To meet the increased household expense obligations in December,
more consumers said they were expecting to spend less in December in
virtually every other spending category tracked by the Monitor. For
example, 45 percent of consumers expected to spend less on
discretionary items like entertainment and electronics, an increase of
nearly four points from last month's survey, while 38 percent expected
to spend less on savings and investment, up from 34 percent last
month.
"The remarkable turn we saw last month in spending intentions
continued into November as gas and grocery prices remained high," said
Margo Georgiadis, executive vice president and chief marketing officer
of Discover Financial Services. "Consumers are doing their best to
adapt to the economic environment, spending more on the things they
need while cutting back on discretionary purchases and savings. It
will be interesting to see if unexpectedly high household expenses
temper holiday spending."
Indicators in the Monitor have so far shown steady holiday
spending despite the increase in the number of consumers expecting to
spend more on household expenses. Consumers had different opinions
about their spending pre- and post-Thanksgiving.
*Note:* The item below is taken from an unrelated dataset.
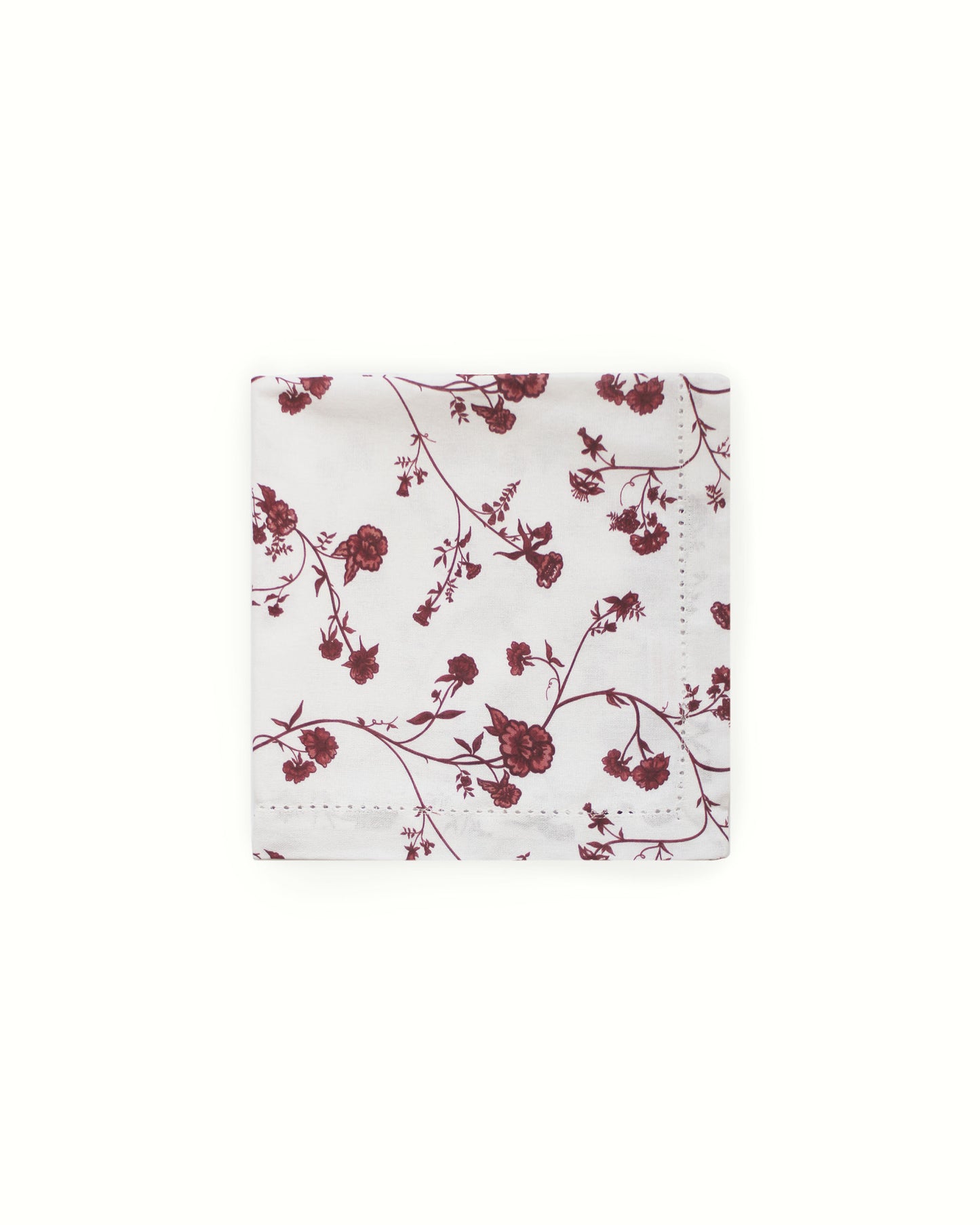 Organic cotton dinner napkins with refined hemstitch and red botanical print for timeless holiday decor.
In the weeks leading
up to the biggest shopping weekend of the year, as many as 55 percent
of consumers said they would spend less this year than last, while 43
percent said they would spend the same or more. The week after
Thanksgiving the number who said they would spend less on holiday
gifts this year slipped to 50 percent, while the number saying they
would spend the same or more jumped to 47 percent. Half of the
country's holiday gift-givers report they have at least started their
shopping, but only 13 percent say they are finished or just about
done.
Georgiadis noted that 18- to 39-year-olds were among the most
aggressive holiday spenders by a factor of two. At month's end, more
than 21 percent said they would spend more for the holidays than last
year compared to fewer than 10 percent for people 40 and over.
Majority of Consumers Still Managing Their Budgets to Have Money
Left Over, but Budgets are Tightening
Though a majority of consumers (51 percent) say they will have
money left over after paying December's bills, they are cutting deeper
into their monthly income to meet their obligations. In November, 25
percent of those with money left over said that the amount is less
than the previous month, a new high for the Monitor.
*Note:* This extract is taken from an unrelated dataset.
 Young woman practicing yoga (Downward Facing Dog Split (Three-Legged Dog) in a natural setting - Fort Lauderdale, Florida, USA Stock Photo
A trend may be developing among consumers anticipating an added
expense or an income shortfall over the next 30 days. The number
steadily increased over the last three months from 35 percent in
September to 41 percent in November.
"Consumers are definitely feeling the effects of higher costs,"
Georgiadis said. "But they continue to manage their finances to
account for the changing dynamics of the marketplace, as a majority of
them still have money left over at the end of the month and
three-quarters of them have the same or more money left over than the
month before."
Consumers Grow More Concerned About the Economy, Personal Finances
November marked a reversal for consumers as attitudes about the
economy and personal finances appeared to mirror each other. In
previous months, consumers remained consistently confident about their
personal finances in the face of growing economic concern.
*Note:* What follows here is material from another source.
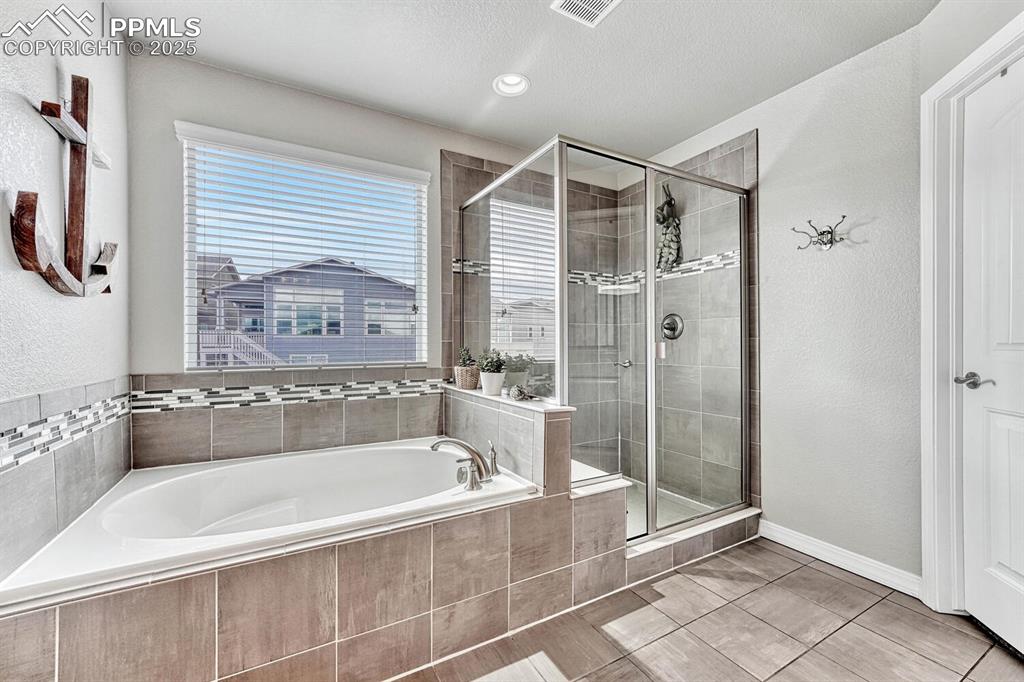 Image 14 of 44: Full bath with a shower stall, a bath, baseboards, and visible vents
Since Monitor surveying began in May of this year, the number of
consumers rating the economy as good or excellent fell to 28 percent,
a decline of nearly five points from last month. At the same time,
consumers giving the U.S. economy a poor rating rose to nearly 35
percent, an increase of nearly six points from the previous month.
Only 27 percent of consumers said that their finances were getting
better these days, a full four points lower than the previous month
and a new low for the Monitor. Conversely, a record 46 percent said
they felt their finances were getting worse.
"Consumers are growing increasingly concerned about the state of
the economy and their own finances," Georgiadis said. "Our survey
results suggest a possible crack in their resiliency to successfully
adapt their spending behavior and manage their budgets. Nearly half
feel their finances are getting worse and over 40 percent are
concerned about a shortfall of income. The crack may be temporary
since holiday spending will end this month. But for now, consumers
appear to be finding less wiggle room in their budgets."
About the Discover U.S. Spending Monitor
The Discover U.S. Spending Monitor released monthly, queried
14,000 adult consumers in August 2007 about spending intentions and
capacity. The survey also asked for opinions on the U.S. economy and
ratings of personal finances. The survey was conducted by Rasmussen
Reports, LLC, an independent survey research firm
(www.rasmussenreports.com). It has a margin of error of +/- 1 percent.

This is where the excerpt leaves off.